Exercise data:
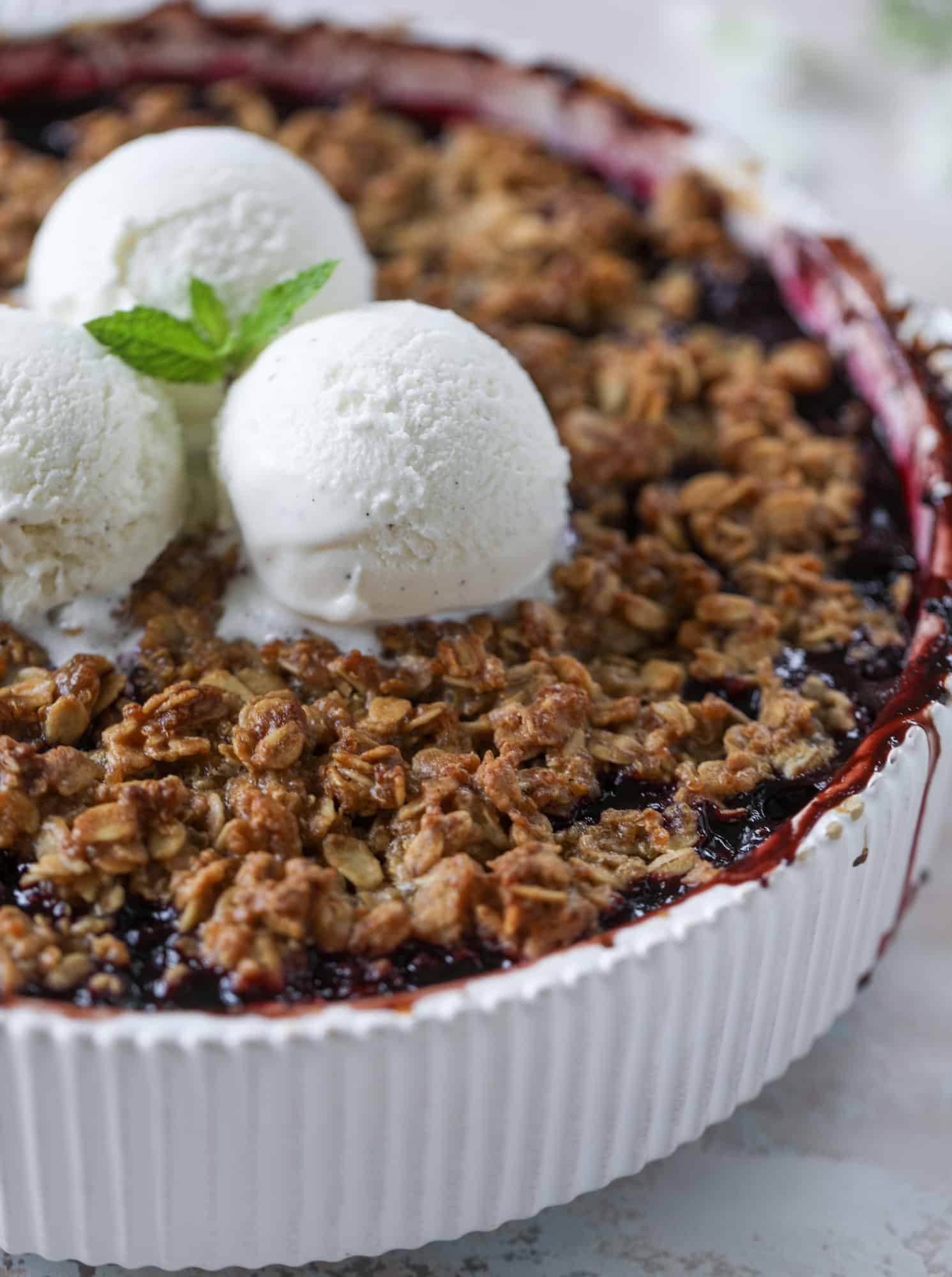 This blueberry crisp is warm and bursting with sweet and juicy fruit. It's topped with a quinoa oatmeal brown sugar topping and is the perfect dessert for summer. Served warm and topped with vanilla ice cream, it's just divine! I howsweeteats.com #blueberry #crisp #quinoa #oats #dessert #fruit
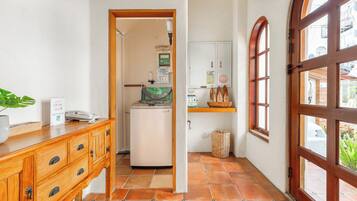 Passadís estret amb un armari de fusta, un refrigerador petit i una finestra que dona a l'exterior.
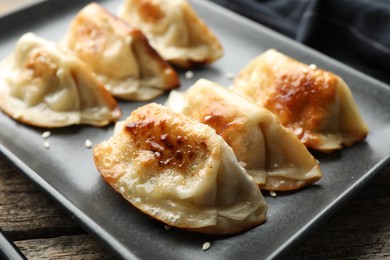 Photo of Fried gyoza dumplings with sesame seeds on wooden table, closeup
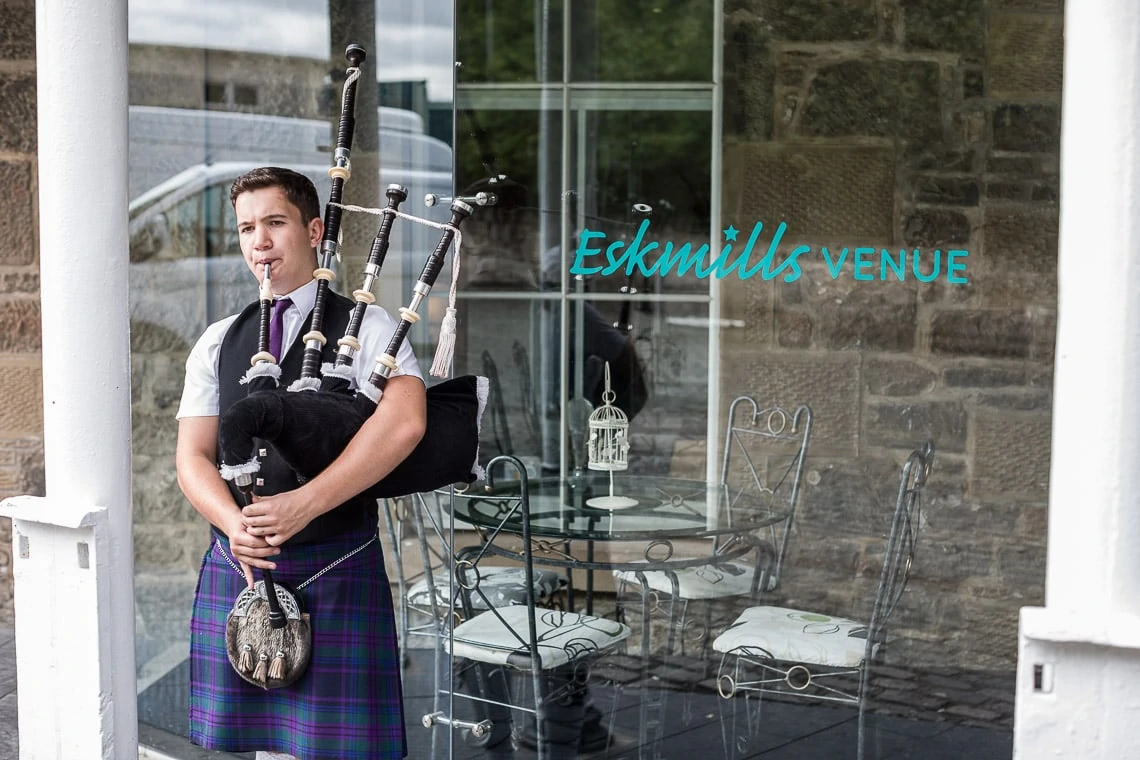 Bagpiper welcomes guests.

Your task:
Transcribe exactly the line containing "Passadís estret amb" and every line after it through the end of the listing above; pictures are not part of the copy.

Reply to the task:
 Passadís estret amb un armari de fusta, un refrigerador petit i una finestra que dona a l'exterior.
 Photo of Fried gyoza dumplings with sesame seeds on wooden table, closeup
 Bagpiper welcomes guests.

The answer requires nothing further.